Tuesday, February 10, 2009

Do you think this is a game?

Sean Badgley's pledge to you: Whatever I write & whenever I write; it is with the explicit purpose of entertaining you, the reader, with an emotionally evocative and high quality product.

~S

I have begun to realize a simple yet profound truth about morality: A man's gotta pick his own path. You know, when it comes down to it, there is no right or wrong way to join a rebellion. To those just tuning in (welcome) I consider morality akin to the rebel alliance in star wars. This life is just a constant test of which side you belong on, and for many of us the answer is different each time. That being said, I think that there are those who choose to consistently rebel over their self interest when it does not jive with their beliefs on ethics and morality. These people are in a minority, but then so are saints amongst the damned (that sentence brought to you by my Catholic upbringing). Anyway, I figure there's no right or wrong way to join up with a rebel force. Each just brings to the table what they got and they all go at it with evil. I am never gonna be the guy who allows someone walk on me, it's not me, and I think that submissiveness and morality are not related, they simply tend to overlap in many places. The Chairman of the Council of Good disagrees, and I respect him for it.

I could be wrong.

Anyway, here's my latest strategy, instead of asking how not to do wrong, I spend my day trying to figure out how to do right. I'm damn sure not perfect nor close, but I never had a problem getting off my ass and do some work when the time comes. So I try to help friends whenever I can with whatever skill I possess that they may need. I am somewhat less risk averse than most, so now I stand up for what I think is right, even when I put myself in a theoretically dangerous position. I furthermore do this when I stand to gain nearly nothing for it. Am I being conned or helping someone? My gut feels good about it.

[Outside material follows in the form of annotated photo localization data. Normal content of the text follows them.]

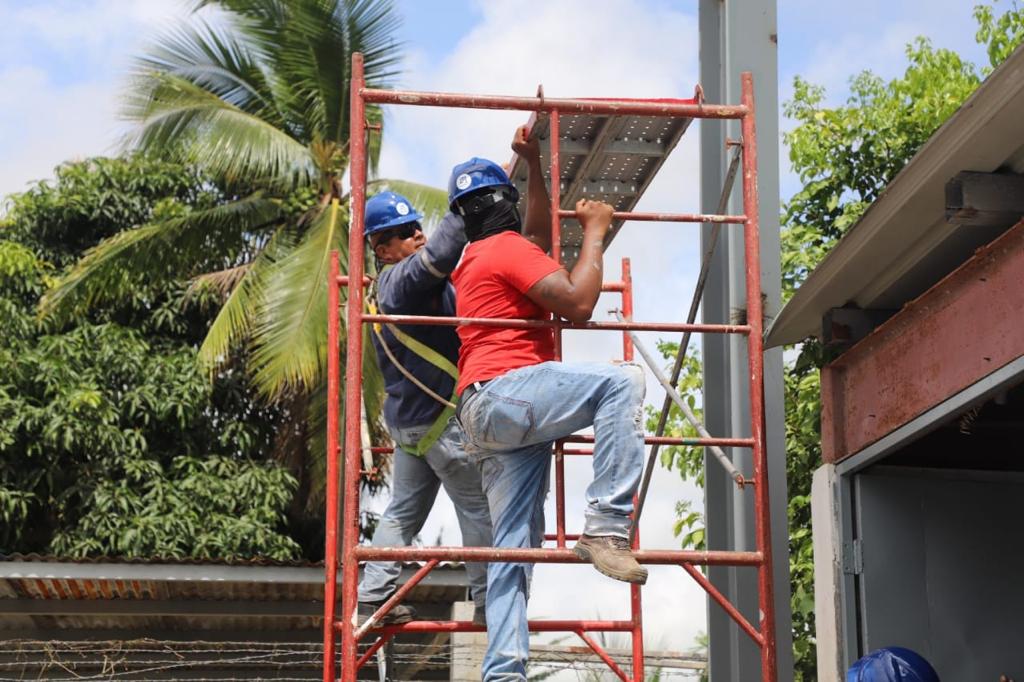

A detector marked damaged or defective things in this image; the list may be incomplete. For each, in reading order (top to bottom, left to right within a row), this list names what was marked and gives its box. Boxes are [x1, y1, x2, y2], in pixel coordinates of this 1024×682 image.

rusty metal structure [324, 51, 772, 680]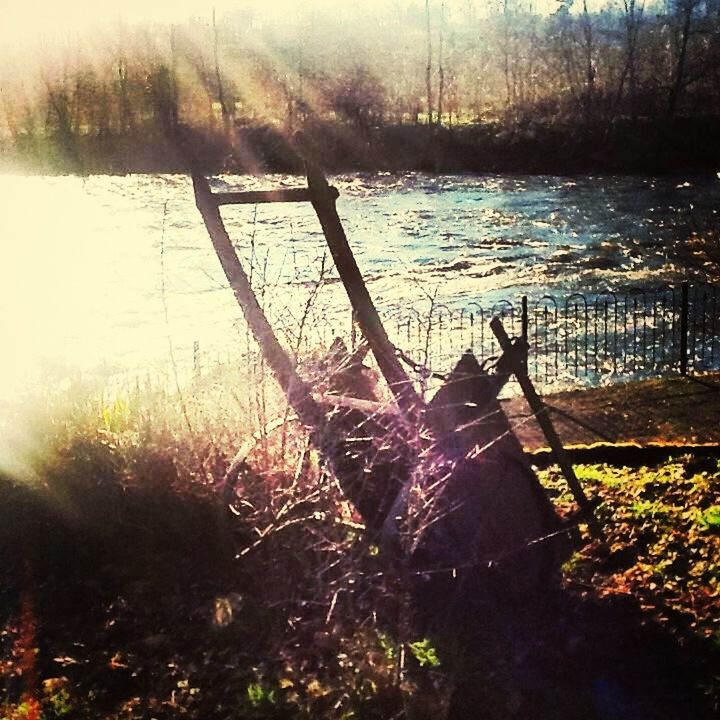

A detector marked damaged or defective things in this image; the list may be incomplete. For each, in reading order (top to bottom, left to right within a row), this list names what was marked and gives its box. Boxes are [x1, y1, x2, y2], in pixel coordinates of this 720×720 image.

rusted metal frame [194, 172, 324, 430]
rusted metal frame [296, 150, 424, 424]
rusted metal frame [486, 316, 604, 540]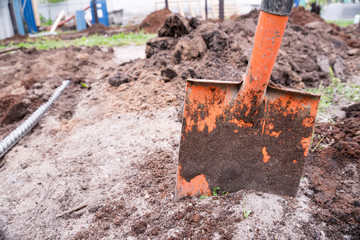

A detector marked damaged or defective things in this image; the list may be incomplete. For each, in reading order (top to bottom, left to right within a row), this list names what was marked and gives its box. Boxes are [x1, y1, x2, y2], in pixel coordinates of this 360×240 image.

rust stain [176, 166, 211, 198]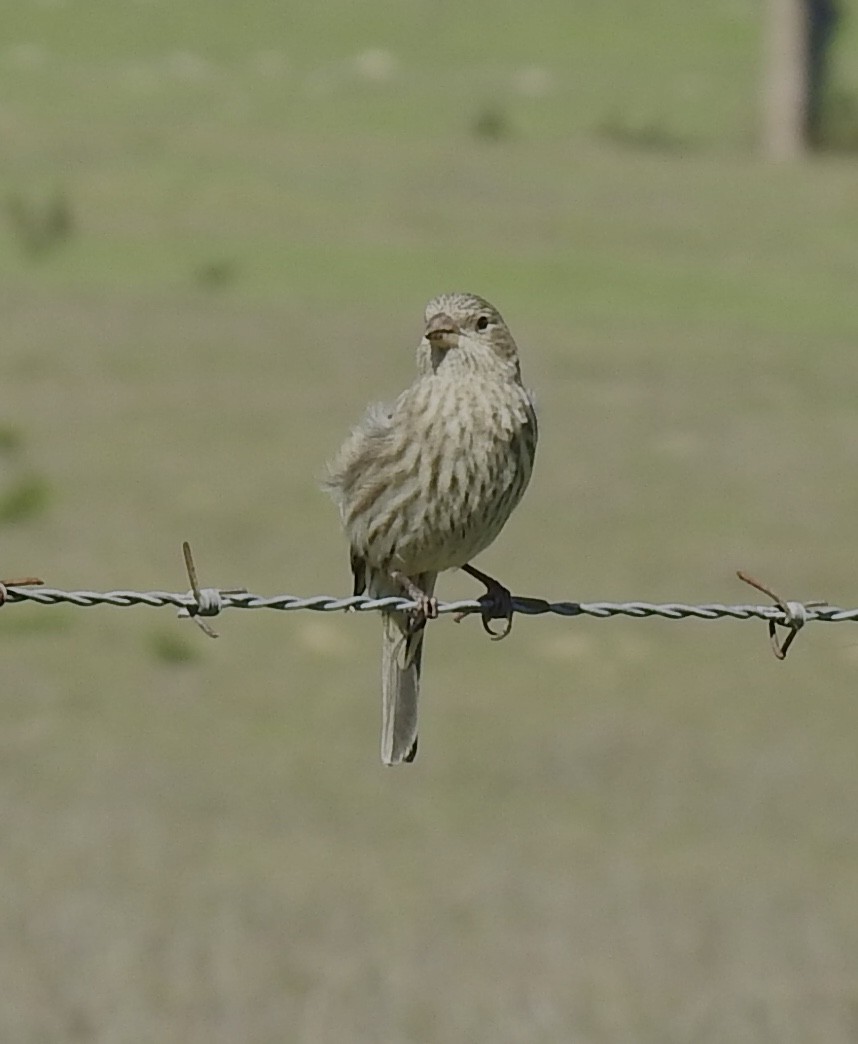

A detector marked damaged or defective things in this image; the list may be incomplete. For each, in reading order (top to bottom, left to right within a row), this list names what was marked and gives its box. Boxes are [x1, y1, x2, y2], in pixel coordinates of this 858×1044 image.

This morality is proving a hard test in many vital areas of my life, but I feel a heat within me again that I have grown to miss. I attribute that feeling in part to be a result of this project. Suddenly my sense of purpose and determination are again with me in my heart. Some may compare this to a religious awakening but I see it as a lifestyle change.

Basically, my evil is turning gay.

Just kidding. But in seriousness, I was recently named the Godfather my close friend's only child and first born son. I ask myself, as this child's godfather (incidentally, we don't have an obsession with pop culture, we're both Irish Catholic to one extent or another. A Godfather means something important to a child coming up in the world) A Godfather is a man you trust enough to bestow a title of trust upon one person dependable enough for the task. I am proud to be young Liam's Godfather. I tell you this, when he's 14 I'll be thirty eight and when he sees me then as when he sees me now, I will be a figure of understanding, support, and an unquestioned alliance during hard times for the duration of my life.

This is no game.

One of my relations lacks a father figure. Though he is surrounded by seven very well intentioned females, he has no way of understanding the world of men. I have not lead the most righteous path, but I am trying now and I have some idea about what it is to be a man. He is at an age where the presence of a strong male role model could drastically affect the course of his life and his short term difficulties. I can do that for him.

This is no game.

So understand, that while I may not be the favorite action figure in the chest. Do I claim to be Darth Vader or Luke Skywalker or even Hon Solo? No...those guys were bad ass. But I am at least Lando. Sure there are things in my past that I regret, but I'm doing my best now to help out the rebellion and hey I've got cloud city, which is a base you rebels desperately need for this war. Anyway, more tales from behind enemy lines later, haters.